But this is the short answer. The longer answer has to do with the way we now conceive of infrastructure itself. Modern infrastructure is invisible. The pipe is underground. The cable is in the wall. The ventilation system is in the ceiling. We have decided, collectively, that the mechanisms of urban life should be hidden — that the city should present us with smooth surfaces and seamless services, and that the machinery of those services should be somewhere else, out of sight.

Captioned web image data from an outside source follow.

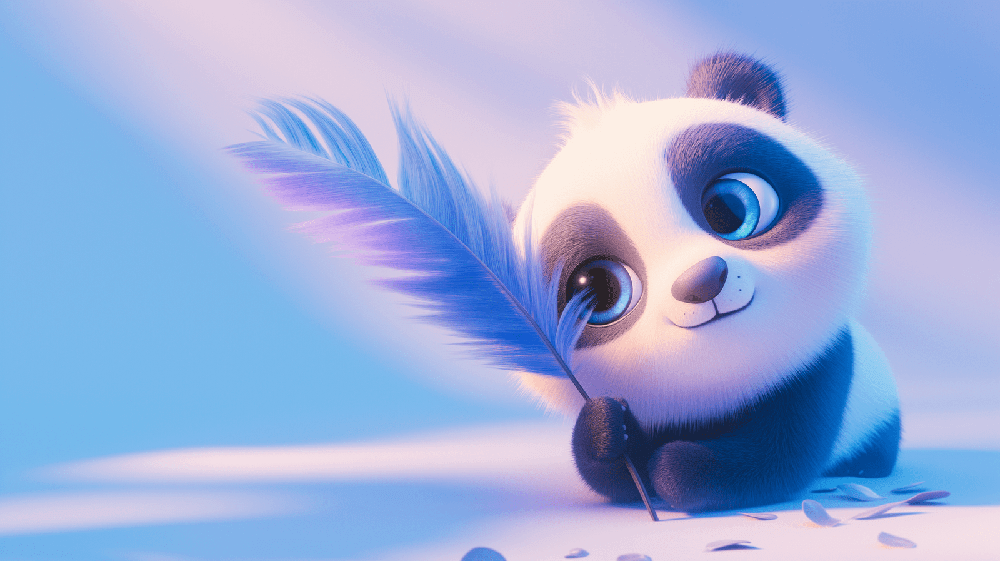 Panda Wallpaper Mural | Children's Room Decorative Wall - Soft and Cute Panda Dream in soothing hues for kids' rooms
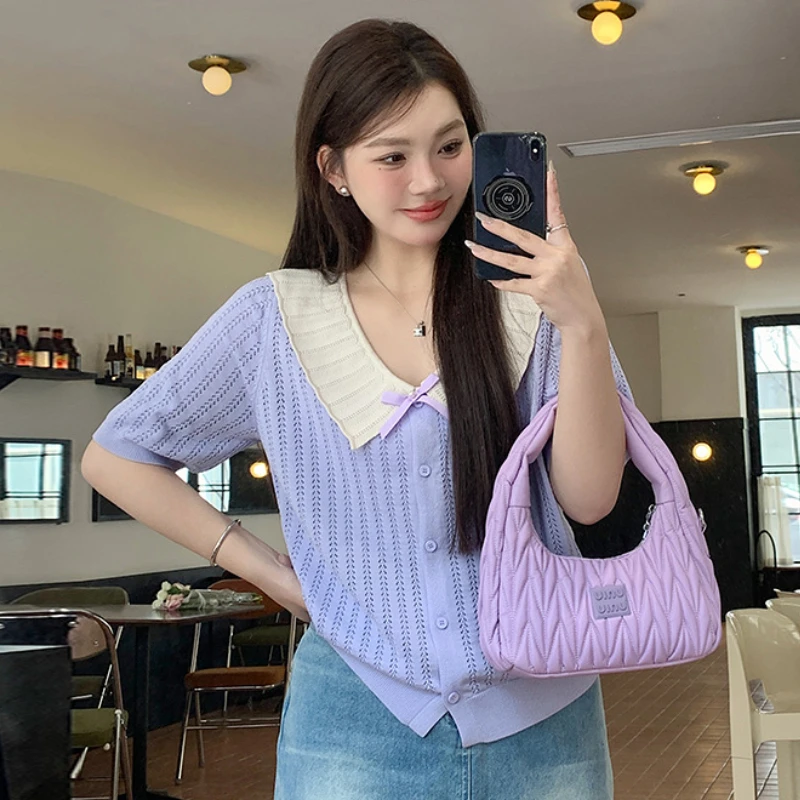 Knitted Top Spiricle Button Shirt Bow Short Sleeved T-shirt Elegant Solid Color Female Clothing Plus Size Loose Fit Tee Summer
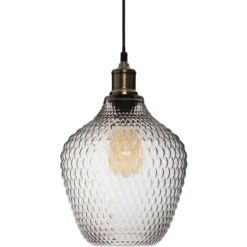 Suspension en verre fumé omaha h25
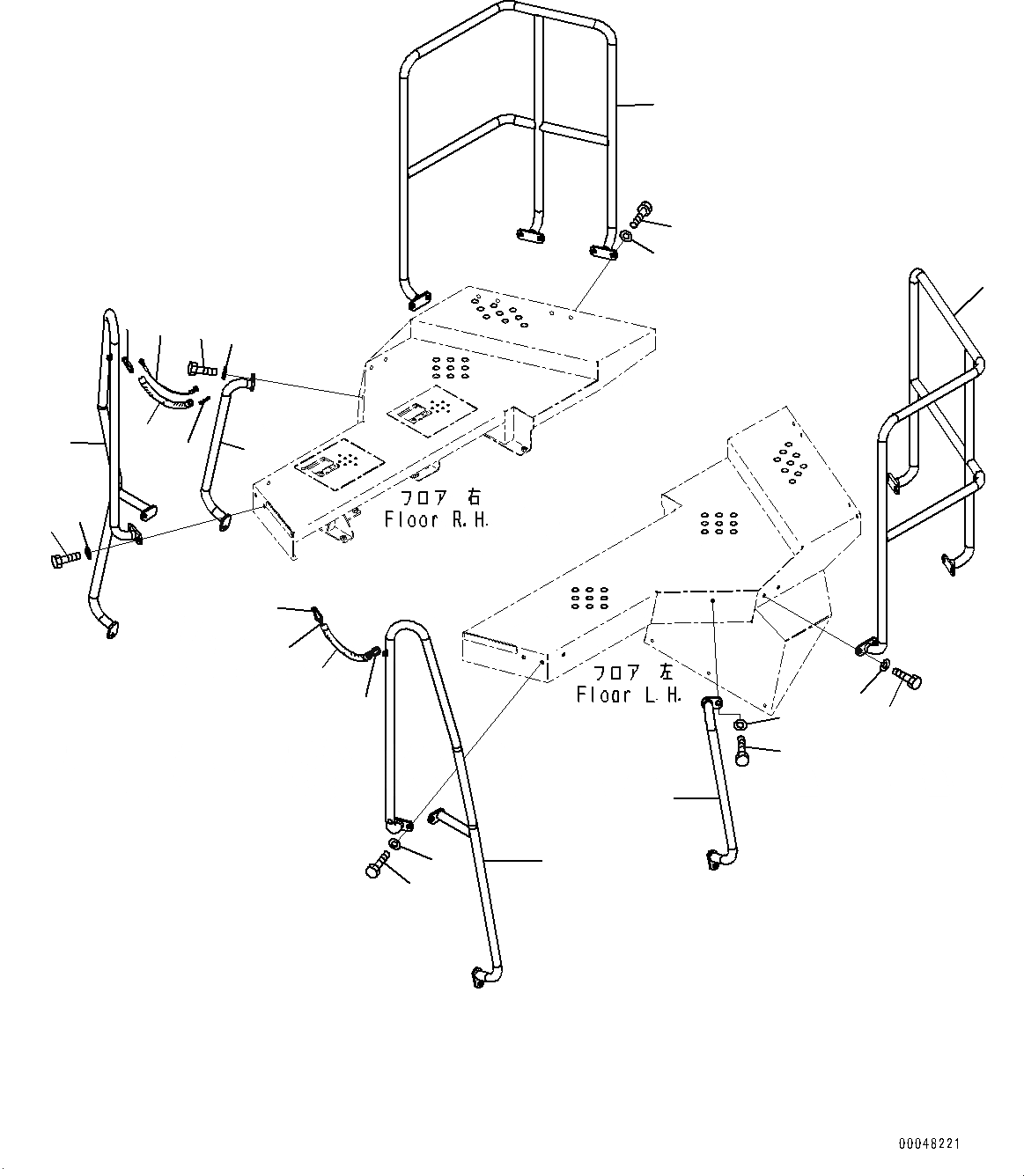 Схема запчастей Komatsu WA500-6 - ПОРУЧНИ(№79-) HANDRAIL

The stepwell embodies the opposite conviction: that infrastructure is worthy of beauty, that the provision of water and shade and social space is as worthy of architectural attention as any temple or palace. The builders of the baoli did not separate the useful from the beautiful. They understood that the beautiful is useful — that a space people want to inhabit is a space that will be maintained and defended by the people who use it.
What We Can Learn
We are not suggesting that modern cities should build stepwells. We are suggesting that the intelligence embedded in the stepwell — the conviction that infrastructure is social space, that water management can be beautiful, that cooling and gathering and spiritual pause can coexist in a single volume of stone — is intelligence that we urgently need to recover.
At Chakra, this lesson shapes the way we think about courtyards, about water features, about public gathering spaces. A building that only does one thing is a building that will be abandoned when that one thing can be done more cheaply elsewhere. A building that does many things at once — that provides shade and social space and beauty and thermal regulation all together — is a building that earns its place in the city.
The stepwell is not an archaeological curiosity. It is a lesson in exactly the kind of architecture we need to be building now.